October 24, 2017 at 3:59 pm

To quote from the story: “Elimination of the main studio rule, the FCC said, ‘should produce substantial cost-saving benefits for broadcasters that can be directed toward such things as programming, equipment upgrades, newsgathering, and other services that benefit consumers. …’ ” The savings should be directed toward that, but it likely will end up in the pockets of corporations and shareholders as usual.

    Peter Grewar says:

    October 24, 2017 at 10:40 pm

    Eliminating the main studio rule may help some small struggling broadcasters — but I suspect that the big radio groups won’t put a cent of that money towards programming, news gathering, or equipment upgrades.

Shenee Howard says:

October 24, 2017 at 5:34 pm

Within 10 years broadcasters like Sinclair will have 5 studios nationwide, with a mostly centralized news program in all 170+ markets. In the public interest?

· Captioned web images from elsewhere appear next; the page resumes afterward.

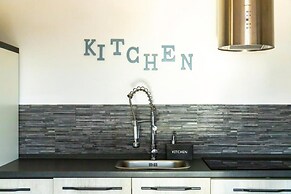 Villa Esmeralda - Free Wifi - With Swimming Pool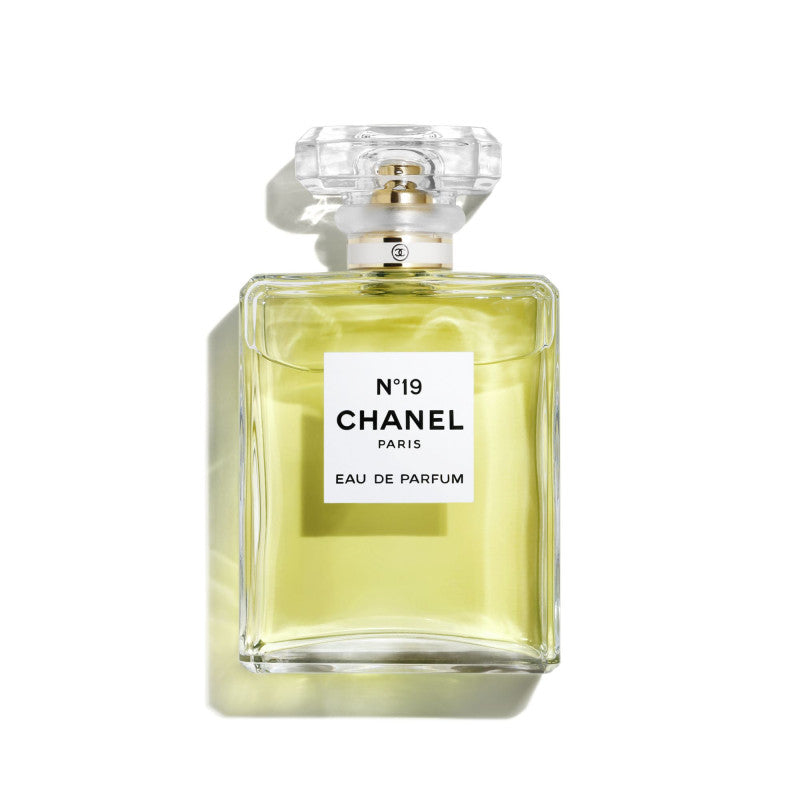 Chanel N°19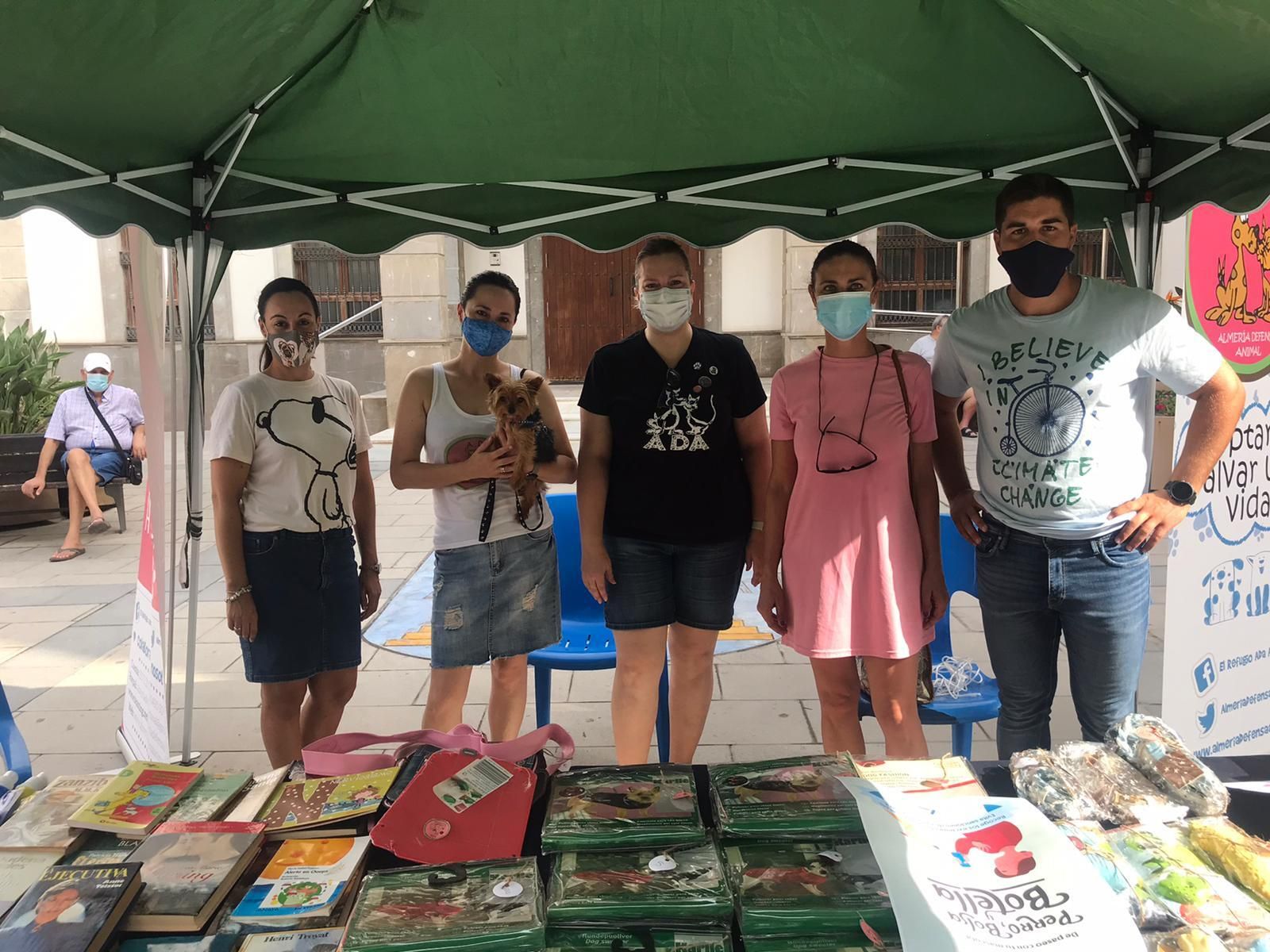 Adra refuerza la campaña para que los propietarios de mascotas mantengan la higiene pública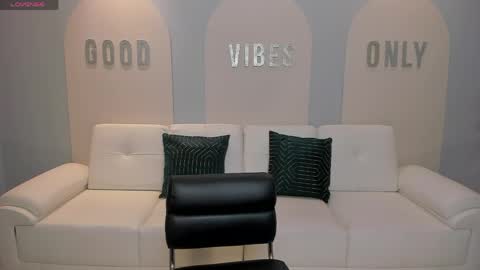 Am Becca online show from April 17, 11:57 am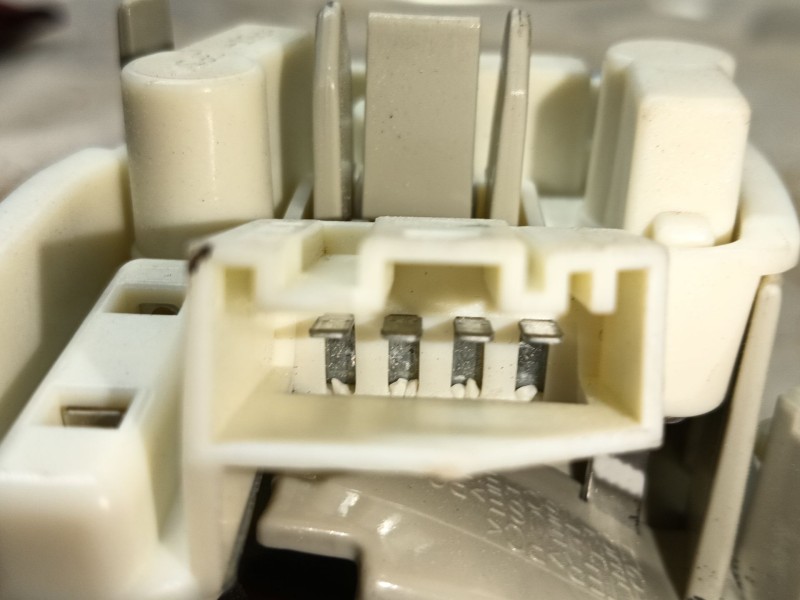 Recambio de piloto trasero izquierdo interior para bmw 3 (e90) 320 d referencia OEM IAM   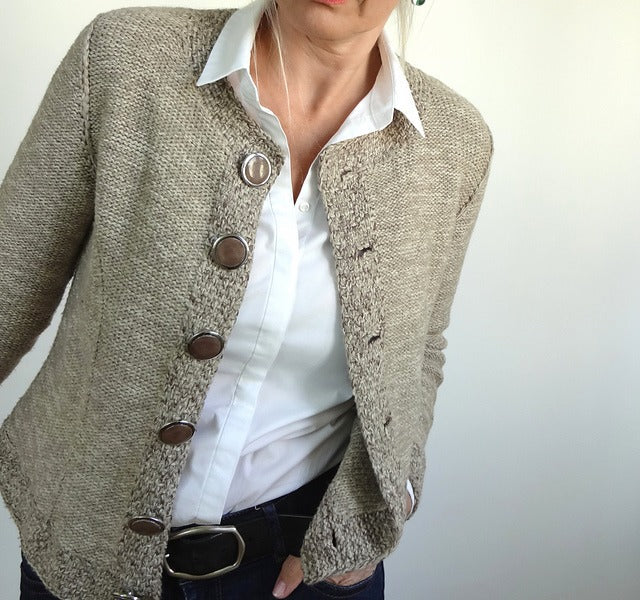 Khakifarbene Langarm-Strickjacke mit Knopfleiste | Catharina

Nope.

    Peter Grewar says:

    October 24, 2017 at 10:38 pm

    While I suspect that you are right, I also think that if broadcasters like Sinclair do that, they’ll find themselves getting soundly beat by stations that maintain a local news department and continue to operate out of their local markets. Past experiments at “centralcasting” local newscasts have been spectacularly unsuccessful.

    Julien Devereux says:

    October 25, 2017 at 10:11 am

    It’s RADIO they’re talking about. This means that in the thousand signals that iHeart has on the air (including HD sideband stations and translators) the only people working will be in the Premier hub. Cumulus can fire everyone and run every station by Westwood One. Sales? Programmatic. There goes 10,000 jobs, and an entire industry goes down the toilet. But not to worry, upper management will be fine, after all, look at the bonuses they’ll get with no salaries to pay.

Fred Corbus says:

October 24, 2017 at 5:44 pm

Thus as broadcasters last stake in the ground is local, local , local. This removes that. Now I can centralize all broadcasting. Look like I am there, but if a viewer or listener wants to come to the station. Nope. An office maybe, but to the station nope. Also means less involvement by the folks on the air. If I broadcast from Miami to a stick in Lexington Kentucky. How involved am I in Lexington. Not much.

Matt Hortobagyi says:

October 24, 2017 at 7:58 pm

Viewers are smarter than we give them credit.They can tell f it is no longer local. It will be reflected in ratings and revenue.

Kaylor Blakley says:

October 24, 2017 at 8:30 pm

What a shame.

Fred E Walker says:

October 25, 2017 at 2:28 pm

I think a better move would have been to remove the burdensome farce that is E/I (Educational / Informational) requirement for broadcast TV stations. This rule has been exploited time and again by less than credible programming companies (i.e. Syndicators) and the ads alone will tell you, few, if any kids, tweens or teens are watching. If you doubt that, then just check the young viewer ratings by the Nielsen “Guestimates”. Turn those programming hours back over to the stations, let them fill with relevant news or local programming (not paid), for their individual markets. As far as radio, iheart killed that industry long ago.

Jean Garneau says:

October 25, 2017 at 5:55 pm

If I were still in broadcasting and knew this was on the table, I’d already have a centralization plan in place.